DATA BLOCK section start
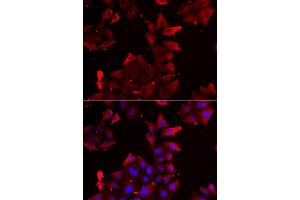 Immunofluorescence analysis of U2OS cell using PDLIM1 antibody. (PDLIM1 anticorps)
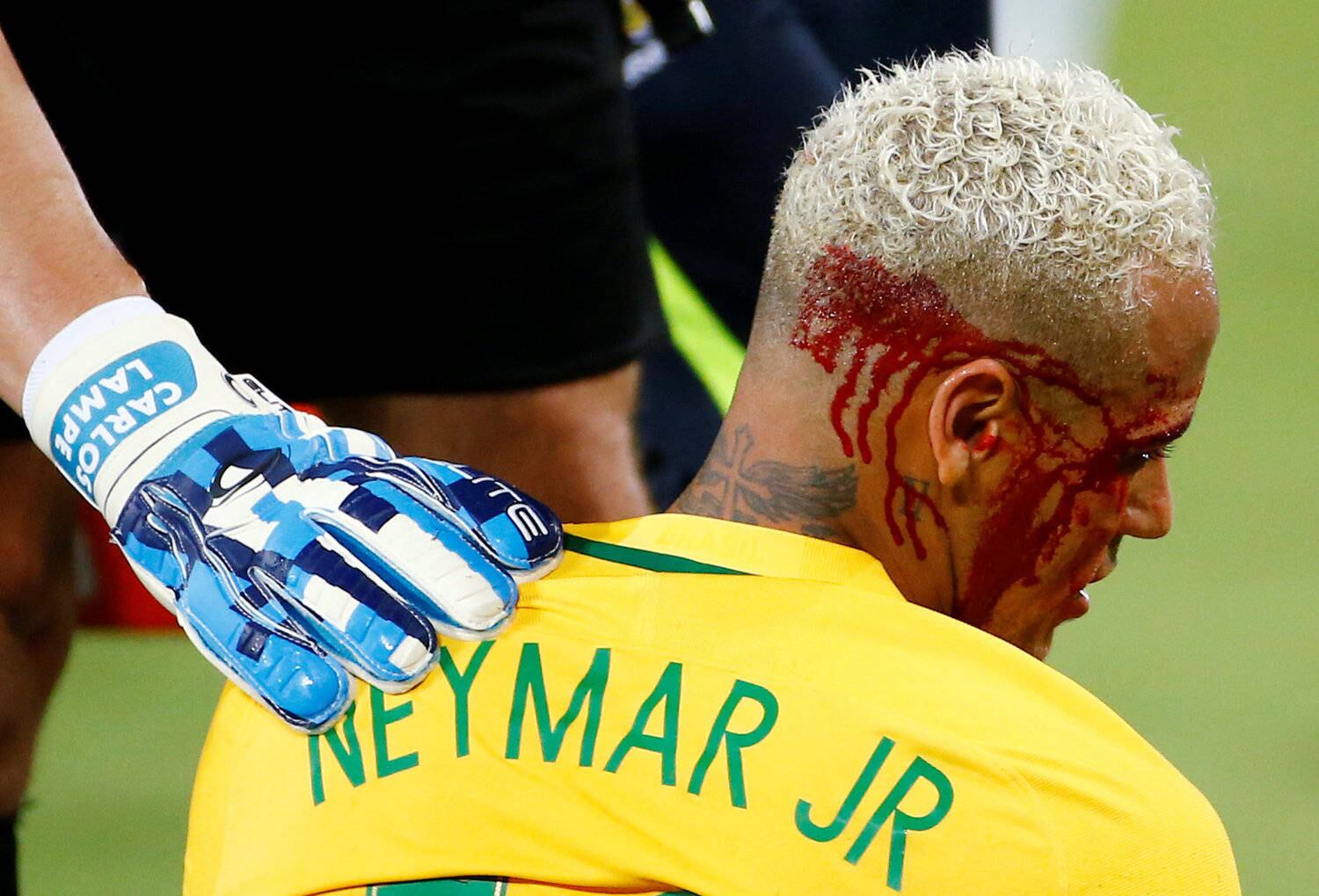 Neymar deixou o campo sangrando na última quinta-feira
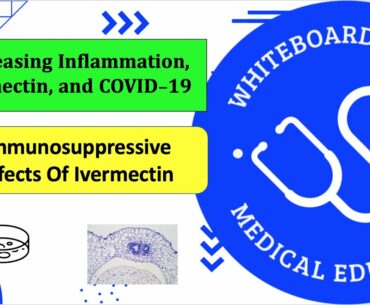 Ivermectin And Decreased Inflammation In COVID-19 [Immunosuppression In Inflammatory Phase COVID-19]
DATA BLOCK section end
PROBLEM DETAILS => Copy out each line of the data exactly as it reads; skip the pictures.

EXERCISE RESPONSE =>
 Immunofluorescence analysis of U2OS cell using PDLIM1 antibody. (PDLIM1 anticorps)
 Neymar deixou o campo sangrando na última quinta-feira
 Ivermectin And Decreased Inflammation In COVID-19 [Immunosuppression In Inflammatory Phase COVID-19]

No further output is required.